→ What you will do: Using the data beneath this instruction, retype only the lines from the one that contains "Zselés borítás mmCase" down to the one that contains "棕色/紅色 原花 PVC塗層帆布", both included, exactly as they appear.

(Scraped caption text data)
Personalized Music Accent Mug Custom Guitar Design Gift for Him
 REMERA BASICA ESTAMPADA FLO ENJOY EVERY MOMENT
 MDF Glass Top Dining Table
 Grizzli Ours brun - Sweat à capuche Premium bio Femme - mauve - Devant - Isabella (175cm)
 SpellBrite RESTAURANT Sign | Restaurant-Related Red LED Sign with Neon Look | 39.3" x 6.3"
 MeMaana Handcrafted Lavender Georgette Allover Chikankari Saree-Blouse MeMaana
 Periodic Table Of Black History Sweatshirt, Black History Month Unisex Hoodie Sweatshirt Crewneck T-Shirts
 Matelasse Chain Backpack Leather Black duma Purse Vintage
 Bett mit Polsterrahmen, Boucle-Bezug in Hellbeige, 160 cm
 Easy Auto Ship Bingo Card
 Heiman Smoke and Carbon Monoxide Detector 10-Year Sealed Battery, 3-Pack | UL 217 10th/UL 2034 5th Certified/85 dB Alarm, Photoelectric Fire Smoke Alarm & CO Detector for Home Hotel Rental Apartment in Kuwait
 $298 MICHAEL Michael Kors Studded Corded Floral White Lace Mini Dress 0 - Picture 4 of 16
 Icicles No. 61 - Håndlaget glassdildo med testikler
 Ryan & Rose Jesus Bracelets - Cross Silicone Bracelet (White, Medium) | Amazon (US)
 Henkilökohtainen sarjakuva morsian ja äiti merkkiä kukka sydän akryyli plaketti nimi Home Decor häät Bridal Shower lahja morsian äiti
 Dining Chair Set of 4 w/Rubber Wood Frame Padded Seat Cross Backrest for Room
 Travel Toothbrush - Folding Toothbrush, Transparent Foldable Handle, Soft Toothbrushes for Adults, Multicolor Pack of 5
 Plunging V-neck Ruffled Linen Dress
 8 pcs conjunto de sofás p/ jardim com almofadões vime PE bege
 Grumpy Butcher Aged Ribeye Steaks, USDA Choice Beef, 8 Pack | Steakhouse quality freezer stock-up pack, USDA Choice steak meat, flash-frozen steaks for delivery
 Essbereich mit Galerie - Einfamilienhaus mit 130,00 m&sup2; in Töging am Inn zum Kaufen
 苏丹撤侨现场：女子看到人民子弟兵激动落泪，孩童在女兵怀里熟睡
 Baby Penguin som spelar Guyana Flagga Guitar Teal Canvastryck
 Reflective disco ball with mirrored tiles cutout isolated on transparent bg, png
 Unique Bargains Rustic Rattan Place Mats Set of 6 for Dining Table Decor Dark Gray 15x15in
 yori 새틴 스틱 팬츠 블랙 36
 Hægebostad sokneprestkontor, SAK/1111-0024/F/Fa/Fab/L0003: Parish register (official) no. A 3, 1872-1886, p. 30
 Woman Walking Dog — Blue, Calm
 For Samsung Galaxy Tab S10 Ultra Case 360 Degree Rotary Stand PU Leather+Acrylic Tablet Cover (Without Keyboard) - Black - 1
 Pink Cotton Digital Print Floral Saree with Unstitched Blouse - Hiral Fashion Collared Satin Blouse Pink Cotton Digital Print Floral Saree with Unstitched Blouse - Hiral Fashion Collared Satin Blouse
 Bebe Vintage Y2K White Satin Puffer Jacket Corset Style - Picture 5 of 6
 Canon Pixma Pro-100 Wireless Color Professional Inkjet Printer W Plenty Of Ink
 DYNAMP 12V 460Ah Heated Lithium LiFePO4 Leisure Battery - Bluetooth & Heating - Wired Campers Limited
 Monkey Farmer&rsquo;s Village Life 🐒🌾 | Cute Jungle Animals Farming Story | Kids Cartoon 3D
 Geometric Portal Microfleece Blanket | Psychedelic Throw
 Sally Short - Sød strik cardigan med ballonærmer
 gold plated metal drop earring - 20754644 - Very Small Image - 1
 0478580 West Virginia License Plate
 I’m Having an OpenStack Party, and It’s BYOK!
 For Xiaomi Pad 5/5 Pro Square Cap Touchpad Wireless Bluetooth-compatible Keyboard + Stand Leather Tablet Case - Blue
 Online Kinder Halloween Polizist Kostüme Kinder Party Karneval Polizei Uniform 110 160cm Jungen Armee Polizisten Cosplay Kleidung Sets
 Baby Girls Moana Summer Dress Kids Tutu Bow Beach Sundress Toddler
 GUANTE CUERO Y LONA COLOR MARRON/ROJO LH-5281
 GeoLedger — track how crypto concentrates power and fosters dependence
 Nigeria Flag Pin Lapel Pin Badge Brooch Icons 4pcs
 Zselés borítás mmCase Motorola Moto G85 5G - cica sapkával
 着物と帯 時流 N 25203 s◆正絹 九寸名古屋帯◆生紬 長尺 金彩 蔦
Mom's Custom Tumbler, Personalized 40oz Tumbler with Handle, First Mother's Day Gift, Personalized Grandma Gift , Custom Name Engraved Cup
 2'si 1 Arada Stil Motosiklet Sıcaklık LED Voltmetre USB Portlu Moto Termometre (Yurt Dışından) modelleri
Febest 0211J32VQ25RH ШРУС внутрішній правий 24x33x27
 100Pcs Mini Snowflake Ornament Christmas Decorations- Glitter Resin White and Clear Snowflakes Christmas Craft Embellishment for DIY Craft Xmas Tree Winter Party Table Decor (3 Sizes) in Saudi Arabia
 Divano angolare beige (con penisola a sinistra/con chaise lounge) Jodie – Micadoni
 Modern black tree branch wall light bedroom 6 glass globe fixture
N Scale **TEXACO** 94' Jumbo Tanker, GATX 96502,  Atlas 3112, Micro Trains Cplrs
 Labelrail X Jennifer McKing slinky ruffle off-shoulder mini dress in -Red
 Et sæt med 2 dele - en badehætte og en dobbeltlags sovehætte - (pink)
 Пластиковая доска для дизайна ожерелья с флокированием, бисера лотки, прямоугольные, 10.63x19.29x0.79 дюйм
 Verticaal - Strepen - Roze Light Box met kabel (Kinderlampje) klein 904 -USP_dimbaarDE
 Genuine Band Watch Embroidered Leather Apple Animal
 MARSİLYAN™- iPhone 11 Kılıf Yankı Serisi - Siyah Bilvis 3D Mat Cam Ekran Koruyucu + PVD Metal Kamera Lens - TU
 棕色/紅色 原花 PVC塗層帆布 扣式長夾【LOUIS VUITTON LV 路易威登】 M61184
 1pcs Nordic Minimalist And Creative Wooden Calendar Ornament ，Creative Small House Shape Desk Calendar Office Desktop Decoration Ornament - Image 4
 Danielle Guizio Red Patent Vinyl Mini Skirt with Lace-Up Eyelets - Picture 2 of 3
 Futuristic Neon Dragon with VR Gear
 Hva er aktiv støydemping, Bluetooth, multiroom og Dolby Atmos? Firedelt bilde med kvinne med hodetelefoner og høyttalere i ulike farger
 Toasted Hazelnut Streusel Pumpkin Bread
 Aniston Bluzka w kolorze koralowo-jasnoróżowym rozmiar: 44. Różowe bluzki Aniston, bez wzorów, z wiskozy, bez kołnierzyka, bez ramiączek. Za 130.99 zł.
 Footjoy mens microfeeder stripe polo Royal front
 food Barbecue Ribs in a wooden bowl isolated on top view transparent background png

→ Answer section:
 Zselés borítás mmCase Motorola Moto G85 5G - cica sapkával
 着物と帯 時流 N 25203 s◆正絹 九寸名古屋帯◆生紬 長尺 金彩 蔦
Mom's Custom Tumbler, Personalized 40oz Tumbler with Handle, First Mother's Day Gift, Personalized Grandma Gift , Custom Name Engraved Cup
 2'si 1 Arada Stil Motosiklet Sıcaklık LED Voltmetre USB Portlu Moto Termometre (Yurt Dışından) modelleri
Febest 0211J32VQ25RH ШРУС внутрішній правий 24x33x27
 100Pcs Mini Snowflake Ornament Christmas Decorations- Glitter Resin White and Clear Snowflakes Christmas Craft Embellishment for DIY Craft Xmas Tree Winter Party Table Decor (3 Sizes) in Saudi Arabia
 Divano angolare beige (con penisola a sinistra/con chaise lounge) Jodie – Micadoni
 Modern black tree branch wall light bedroom 6 glass globe fixture
N Scale **TEXACO** 94' Jumbo Tanker, GATX 96502,  Atlas 3112, Micro Trains Cplrs
 Labelrail X Jennifer McKing slinky ruffle off-shoulder mini dress in -Red
 Et sæt med 2 dele - en badehætte og en dobbeltlags sovehætte - (pink)
 Пластиковая доска для дизайна ожерелья с флокированием, бисера лотки, прямоугольные, 10.63x19.29x0.79 дюйм
 Verticaal - Strepen - Roze Light Box met kabel (Kinderlampje) klein 904 -USP_dimbaarDE
 Genuine Band Watch Embroidered Leather Apple Animal
 MARSİLYAN™- iPhone 11 Kılıf Yankı Serisi - Siyah Bilvis 3D Mat Cam Ekran Koruyucu + PVD Metal Kamera Lens - TU
 棕色/紅色 原花 PVC塗層帆布 扣式長夾【LOUIS VUITTON LV 路易威登】 M61184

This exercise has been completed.